I prefer not having it default constructable if I do not have to. Better 
to force the user to set the value IMO, but if it creates UB I will have 
to think again

 > 
------------------------------------------------------------------------------
 > src/hotspot/share/runtime/atomic.hpp
 >   957   inline D load() const {
 >
 >   961   template <typename T>
 >   962   inline void store(T store_value) {
 >
 > I wonder if load_relaxed and relaxed_store or something like that
 > might be better names?

I am convinced that following the names of the AllStatic Atomic is best. 
I have no opinion about that name though, but if that is to be changed, 
it is better to do it as a separate change IMO.

 > 
------------------------------------------------------------------------------
 > src/hotspot/share/gc/g1/g1BlockOffsetTable.cpp
 >   45   _offset_array = cast_to_atomic_ptr((u_char*) 
bot_reserved.start());
 >
 > This is currently the only use of cast_to_atomic_ptr. It leads to UB
 > since the (non-trivial) constructor for AtomicValue is never called
 > for any of the objects in the array. I think the call to
 > memset_with_concurrent_readers is also UB. I *think* having a trivial
 > default constructor solves the UB problem, but that isn't possible
 > until C++11.

I will have to look further into this...

 >
 > Rather than just casting to a pointer to AtomicValue<>, this could
 > iterate over the array memory, doing placement new construction of the
 > elements.  If we gave AtomicValue<> a non-trivial but empty default
 > constructor (so not initializing the value), then such an iteration
 > should be optimized away.  We'd still have the UB from memset_with_cr,
 > though that could use an iteration with the one-arg constructor instead.
 > Or ignore the technical UB and just keep using memset_with_cr.
 >
 > And that gets rid of the one use (so far) of cast_to_atomic_ptr.

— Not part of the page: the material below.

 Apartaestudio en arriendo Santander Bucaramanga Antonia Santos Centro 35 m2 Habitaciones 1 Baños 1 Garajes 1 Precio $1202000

But it is useful to have until all code is fixed, and fixing all code at 
the same time is hard. I do not want to have UB, so I have to look 
further into this

 >
 > The problem, of course, is that having a trivial/empty default
 > constructor means one could unintentionally construct without
 > initialization. I think a private trivial default constructor would
 > deal with that, though again that requires C++11.
 >
 > 
------------------------------------------------------------------------------
 > src/hotspot/share/gc/g1/g1CodeCacheRemSet.cpp
 >   39 AtomicValue<G1CodeRootSetTable*> 
G1CodeRootSetTable::_purge_list(NULL);
 >
 > Extra space between type and name.

Will fix.

 > 
------------------------------------------------------------------------------
 > src/hotspot/share/gc/g1/g1CollectedHeap.cpp
 > 2023       _old_marking_cycles_started.load() == 
_old_marking_cycles_completed.load() + 1,
 >
 > Mis-indented.

Will fix.

 > 
------------------------------------------------------------------------------
 > src/hotspot/share/gc/g1/g1CollectedHeap.cpp
 > 2027   _old_marking_cycles_started.inc();
 >
 > This was _old_marking_cycles_started++. The membars introduced by
 > using inc() aren't needed here.  It is sufficient here to use
 > _old_marking_cycles_started.store(_old_marking_cycles_started.load() + 1)
 > This is the only write, and it's in the vmthread in a safepoint.
 >
 > Similarly in increment_old_marking_cycles_completed, except here we
 > have the only write serialized by holding G1OldGCCount_lock.
 >
 > I also think _old_marking_cycles_started might not need any special
 > handling at all.
 >
 > The additional membars don't really matter for performance, since
 > these operations are very rare.  But they catch they eye and make one
 > wonder what is being ordered here and why.  Maybe some commentary
 > would suffice?

I kind of feel the opposite. If I see an atomically incremented 
variable, it feels fine (although maybe not as fast as possible), if I 
see a store(load() + 1) it feels unsafe and that it could be a potential 
bug, and I must check that the code is only used in serial contexts.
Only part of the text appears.